Discutir otra vez si se trataba de fascistas convencidos, oportunistas o meros supervivientes es una trampa. Implica admitir la idea de que en la España franquista sólo se podía ser franquista, y que muchos lo eran por mera subsistencia, pues sólo jurando los principios del Movimiento se podía dar clases, publicar o investigar. Pero no es cierto. Aparte de que muchos de ellos hicieron bastante más que aplaudir en los actos oficiales, y permitieron a la dictadura transmitir sensación de normalidad cultural mientras las cárceles y paredones no daban abasto, no es cierto que no hubiera más remedio. Ahí están los exiliados, externos o internos, los encarcelados, los purgados, y muchos otros que dieron ejemplo de dignidad, de resistencia -silenciosa y no tan silenciosa-.

Pero los espinazos curvos del franquismo viven y mueren tranquilos. Aquí no hay cebollas que pelar, aunque se sepan podridas por dentro, sino cebollas blindadas, de una pieza, de granito. Aquí no se ha pedido cuentas a nadie. Es fácil saber lo que hizo cada uno, basta ir a la hemeroteca y consultar la prensa de entonces para conocer dónde estaba cada cual y qué decía. Pero los laureles, el respeto, el magisterio, permanecen intocables.
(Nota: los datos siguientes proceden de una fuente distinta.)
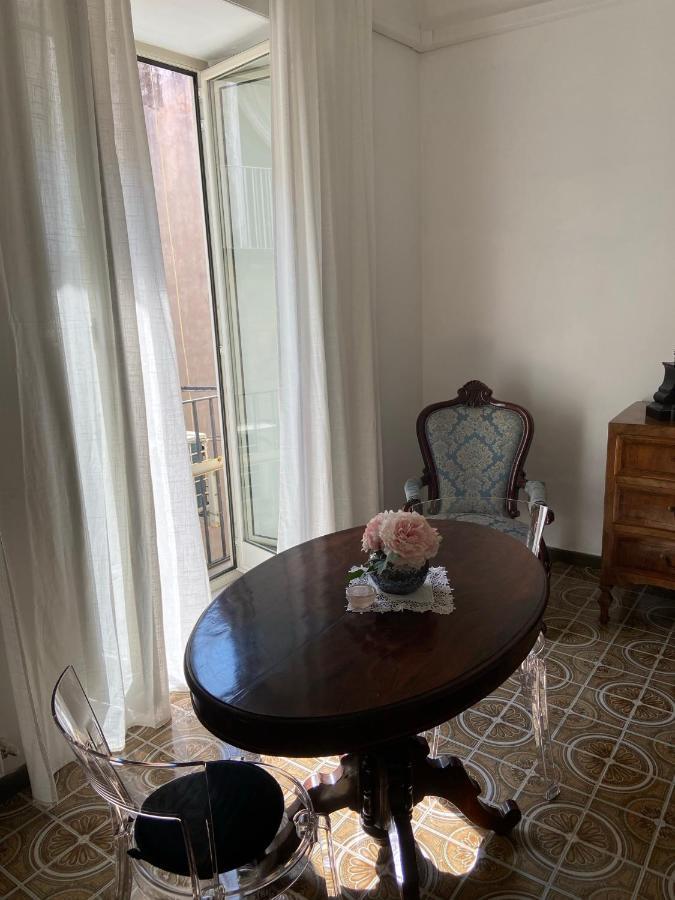 Bed & Breakfast In San Domenico Maggiore 3 *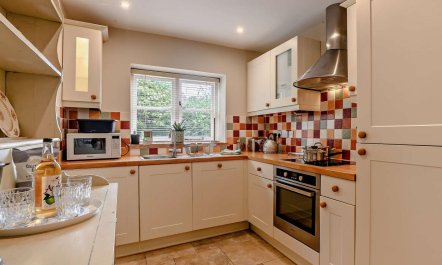 2 Bed in Holt 4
Incluso aquellos escritores que, según expresión que ha hecho fortuna, ganaron la guerra pero perdieron la historia de la literatura, han ido recuperando posiciones en los últimos años, mientras quedan autores del exilio que aún no han sido incorporados a la vida cultural española en el lugar que merecen.

Isaac Rosa es autor de la novela El vano ayer (Seix Barral).